I don't agree. Treating OWS as if it's a slightly dodgy hack of mainstream political philosophy, and therefore voids the warranty of serious debate, misses the point. Not the point of these protests, but the point of all protests. Protests exist to say, something's wrong, and to gather together a lot of people who agree with that simple sentiment. It's tough for smart people who care about quality of argument to hear, but protest isn't a mechanism for advancing a high-quality, well-defined argument. It's a device for amplifying the quantity of contention in a society: to make noise in the hope that others will make noise, and force a change. The mechanism for deciding which changes get made is politics, not protest.

Protests are platforms - designed to be extended, designed to be hacked. (The flip-side of this is that it makes little sense when the organisers of protest events disclaim all responsibility if they get turned into riots. You can't control a protest event, so you shouldn't imagine you can when you organise one.) They are not build for neatness, and insisting that they articulate themselves neatly means you end up hearing nothing, or a small something, when many discordant things are being said. That, of course, puts you at risk of being surprised by an unpredictable future.

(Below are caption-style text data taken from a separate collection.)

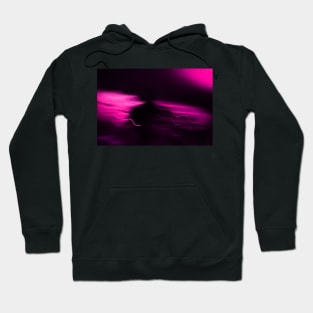 Pink blurry lights Hoodie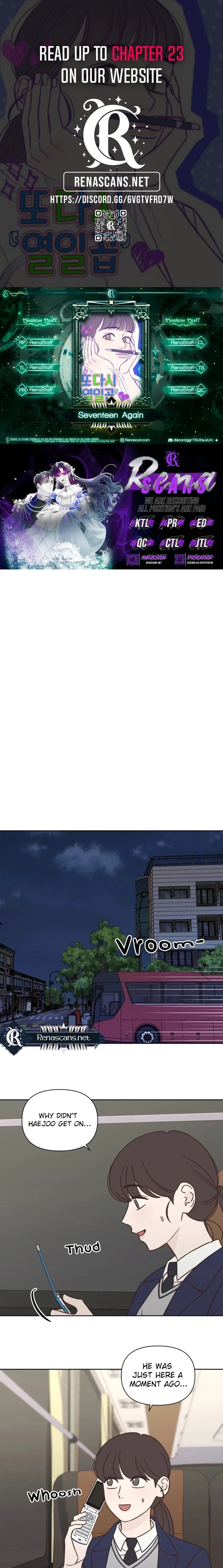 Seventeen Again Chapter 18 page 1 - 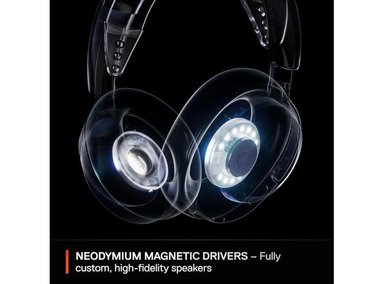 STEELSERIES ARCTIS NOVA 3X WIRELESS HEADSET, CONTROL APP, BATERÍA 40H, DRIVERS NEODIMIO, MULTI-PLATAFORMA - 6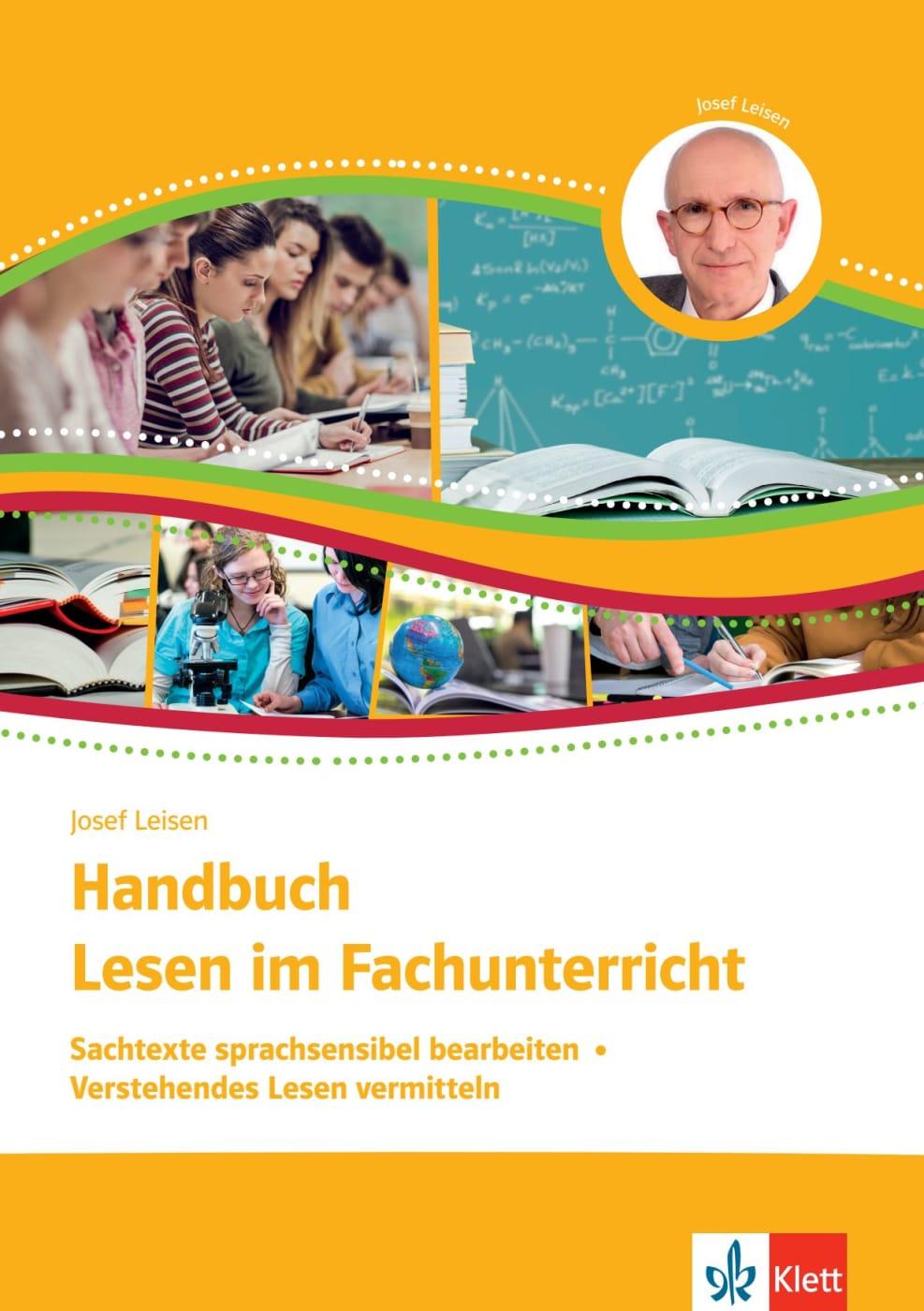 Vorderes Coverbild Handbuch Lesen im Fachunterricht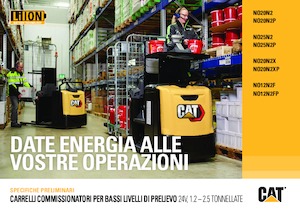 Commissionatori Caterpillar NO20N2X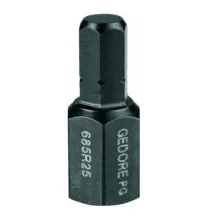 Ponta Allen 1/4X10MM Gedore 685R25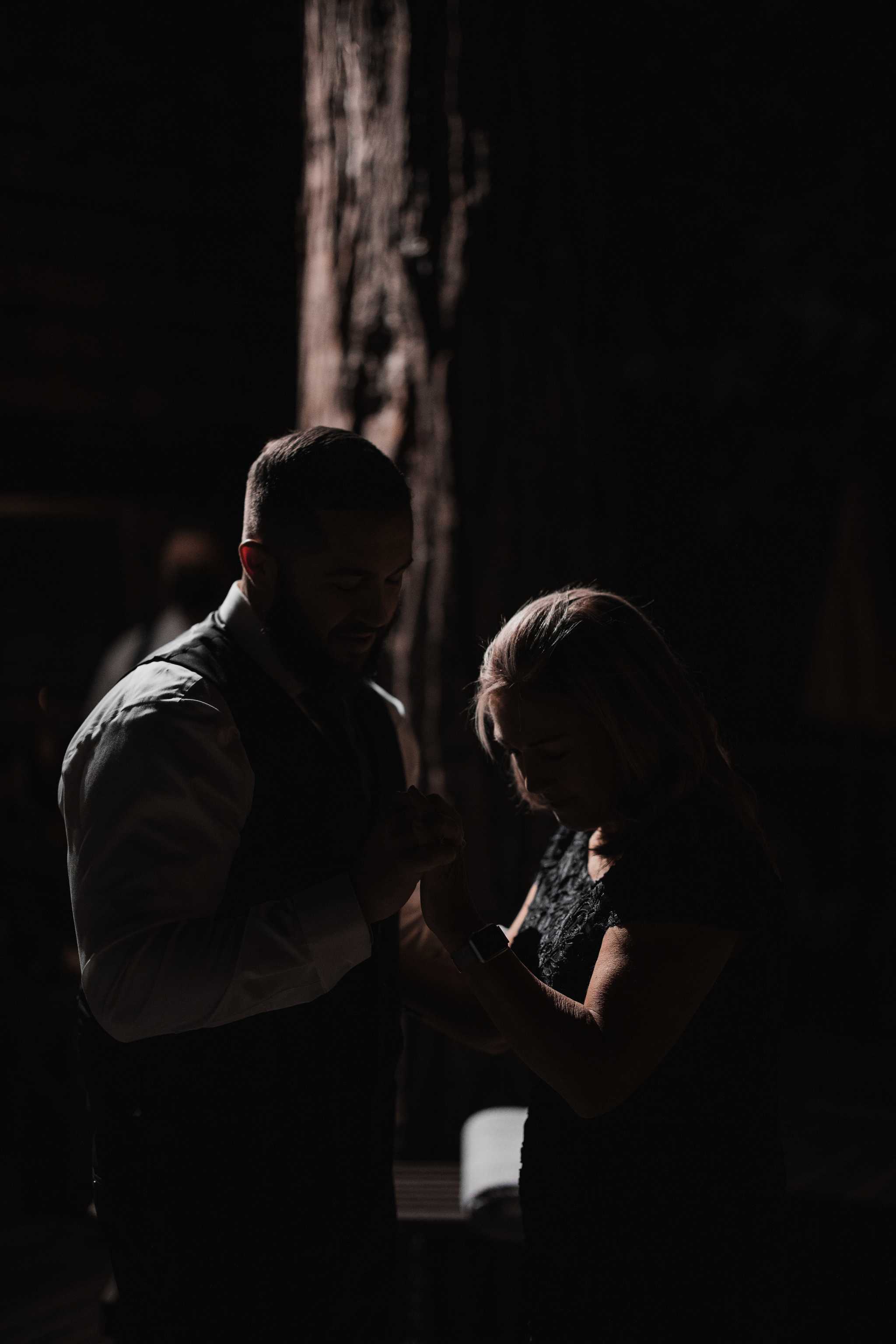 Erika's and Ken's Reception, Idyllwild, California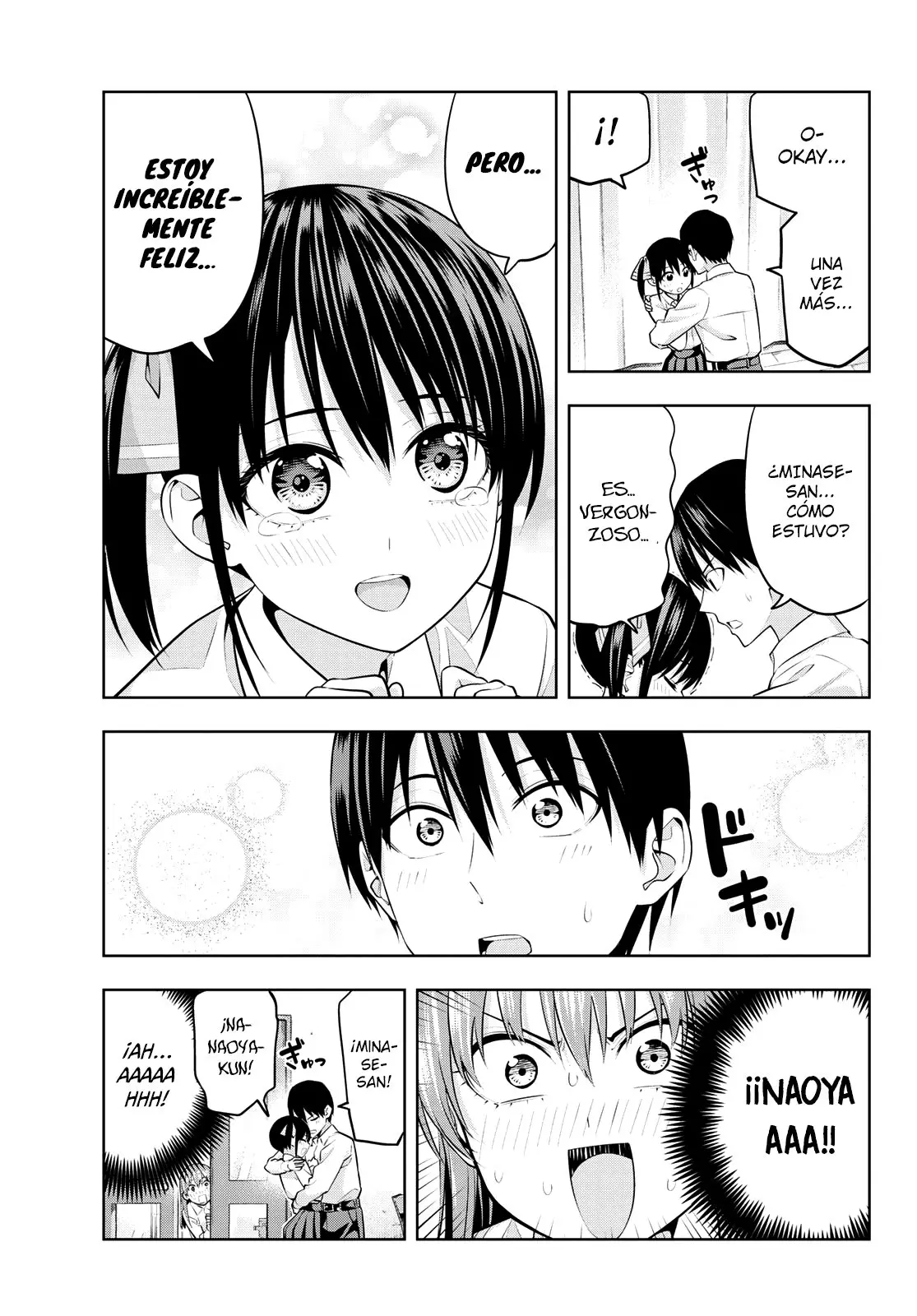 Kanojo mo Kanojo capítulo 22 página 8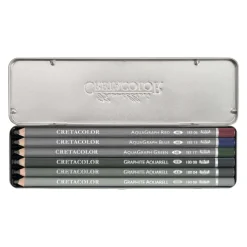 Cretacolor Zestaw ołówków akwarelowych Watercolor Graphite - - 6 szt. ><noscript><img width=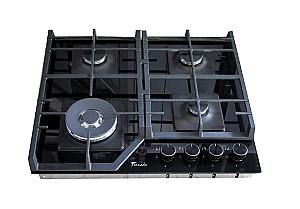 Plita pe gaz incorporabila Tornado TRCB-1460 BL GL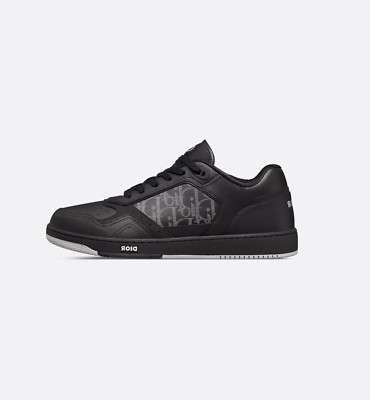 Original 100%Dior B27 SNEAKER HT CALF GALAXY  BLACK Gr. 41,5 NEU OVP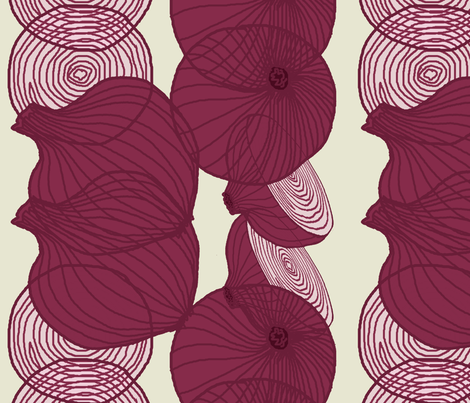 red_onion_stripe fabric by lfntextiles on Spoonflower - custom fabric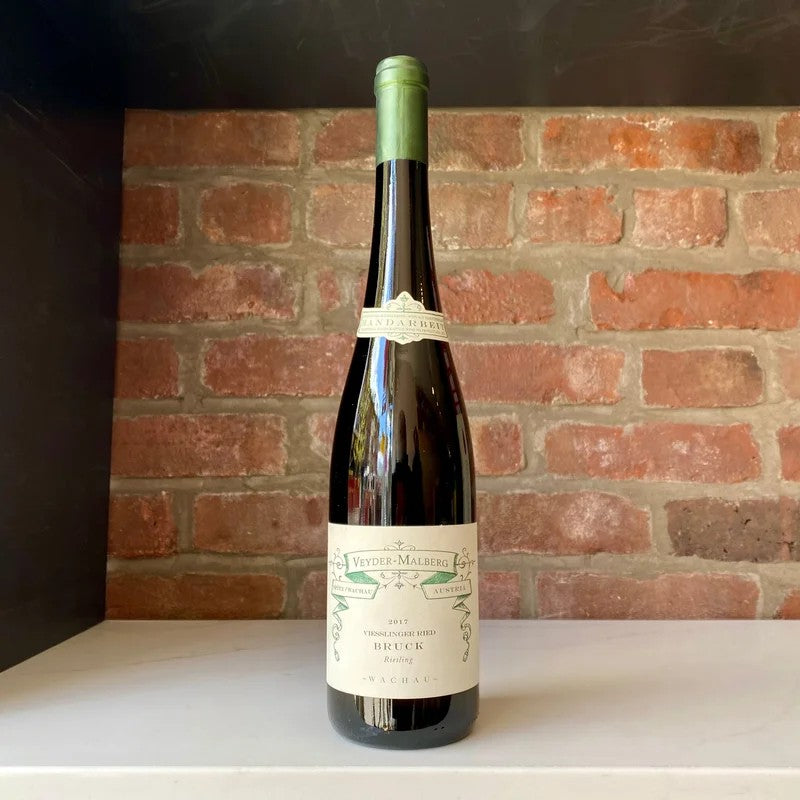 2017Veyder-MalbergBruckViesslingerRiedRiesling,Wachau,Austria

There's an obligatory 'So what does this mean for communications?' note at the end, and this is it. What it means is that most 'movement branding' is getting it wrong because it still insists you can manage and 'own' social conversations. Getting it right means building a platform and letting people hack it, and not trying to own it. Of course, marketers and communicators also need to promote their own agenda, which is difficult in a platform. To do that they need to be good at politics, too - the art of advancing their own agenda while acknowledging the noisiness of the public sphere. Most marketers, even most advertisers, remain bad at that.